With both, I have problems configuring the flow variables (Cost and Sigma) in the Parameter Optimization Loop Start node. How can I do it properly? The flow variables do not appear in the Flow variable section of the Learner.

Z_SVM example 1.knwf (56.7 KB)

I came across a KNIME video on YouTube (https://www.youtube.com/watch?v=IlqepyIba6Y), but I can’t locate the error. I am using KNIME version 4.1.3.

Thank you,
Marc

ScottF · August 4, 2020, 6:07pm

Hi @MarcB -

As best I can tell, the Overlapping penalty is equivalent to the cost function.

As for some of your other problems, I think the failure of the LIBSVM Learner node stems from an inconsistent looping setup between the top branch and the bottom branch. Second, you need to make sure you are applying flow variables and not creating new ones in the Learner:

Also, you have to be a little careful about how you pass flow variables to the Loop end so it can decide how to optimize (based on accuracy or AUC).

I’ve attached your workflow with some changes I’ve made.

Z_SVM example_SF.knwf (3.3 MB)

There is still pretty poor performance here, likely due to the same issues discussed in your other threads.

MarcB · August 9, 2020, 5:59pm

Thank you, @ScottF. The providers are reviewing the data, but in the meantime I am preparing the workflow. I will carefully review your post.

Best regards,
Marc

joshuahoran · August 9, 2020, 6:39pm

Awesome. I’ve been using KNIME for years and am now just learning what those mysterious empty text fields do – they create new downsteam flowvariables. Thanks!
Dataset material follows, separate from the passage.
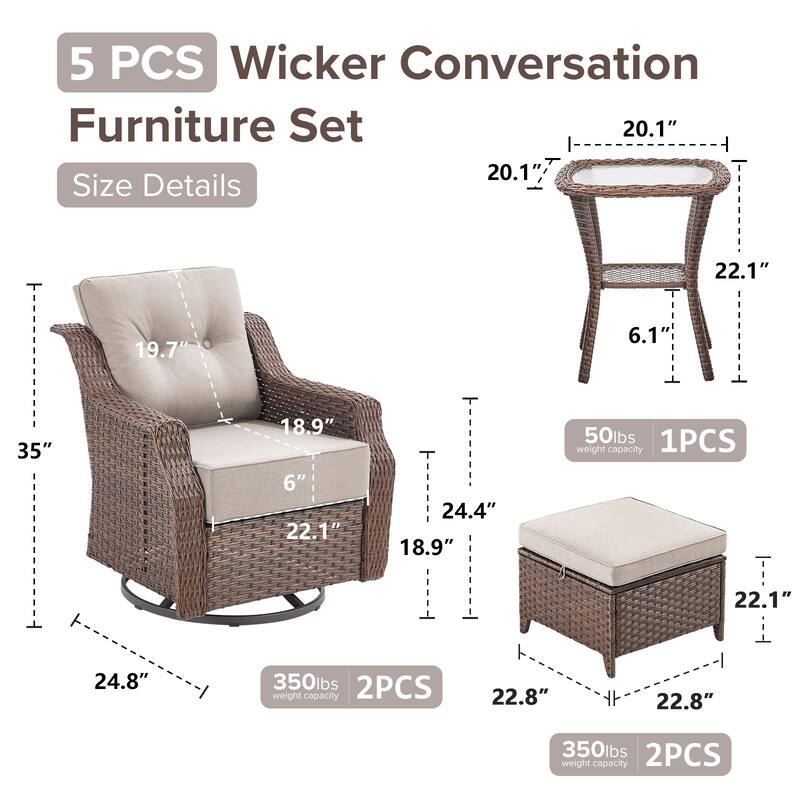 Gymojoy 5-Piece Wicker Patio Furniture Set, 6-Inch Ultra Thick Cushioned 360° Swivel Glider Chairs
ipazin · August 10, 2020, 9:01am

Hi @joshuahoran,

it is all in the docs but probably adding some headers wouldn’t do any harm
https://docs.knime.com/latest/analytics_platform_flow_control_guide/index.html

Br,
Ivan

system · February 8, 2021, 9:02pm

This topic was automatically closed 182 days after the last reply. New replies are no longer allowed.